** What is expected **
A full, exact copy of the listing is needed, with images omitted.

** Exercise data **

"""

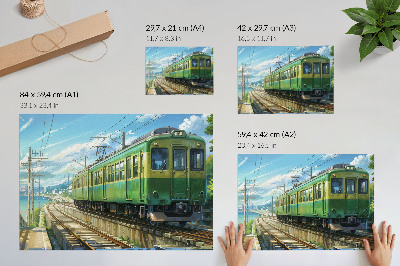 Green train wall poster
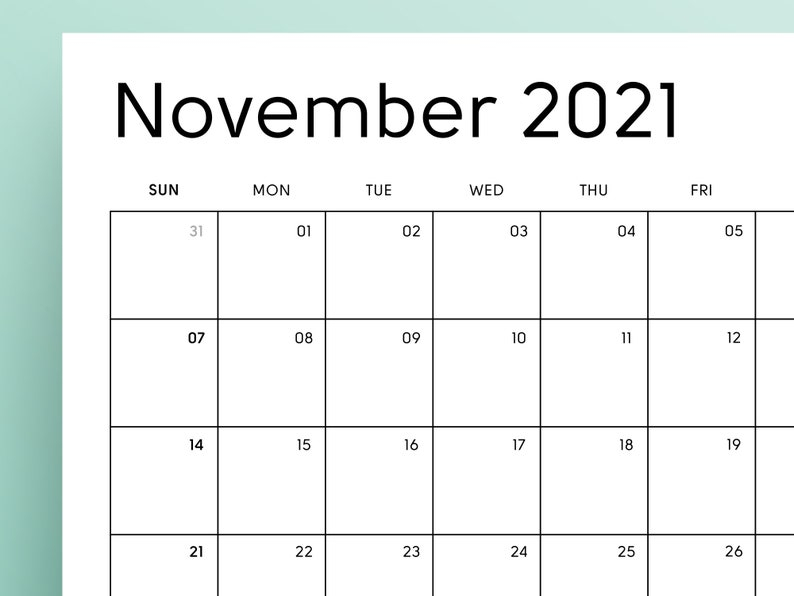 2021 Printable Calendar Sunday &amp; Monday Start 2021 Monthly | Etsy for Monday To Sunday Printable Calendar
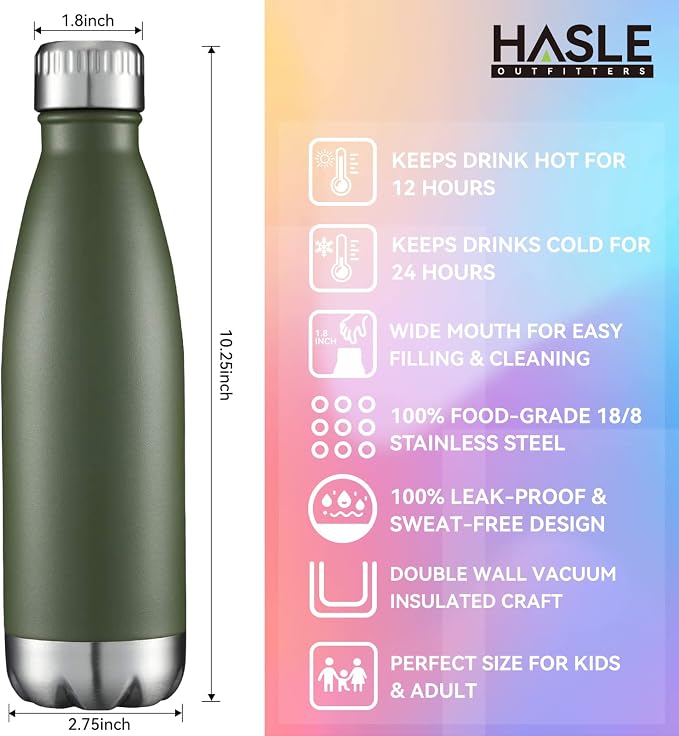 HASLE OUTFITTERS 17oz Stainless Steel Water Bottles, Vacuum Insulated Double - Image 5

"""

** Answer to the problem **
 Green train wall poster
 2021 Printable Calendar Sunday &amp; Monday Start 2021 Monthly | Etsy for Monday To Sunday Printable Calendar
 HASLE OUTFITTERS 17oz Stainless Steel Water Bottles, Vacuum Insulated Double - Image 5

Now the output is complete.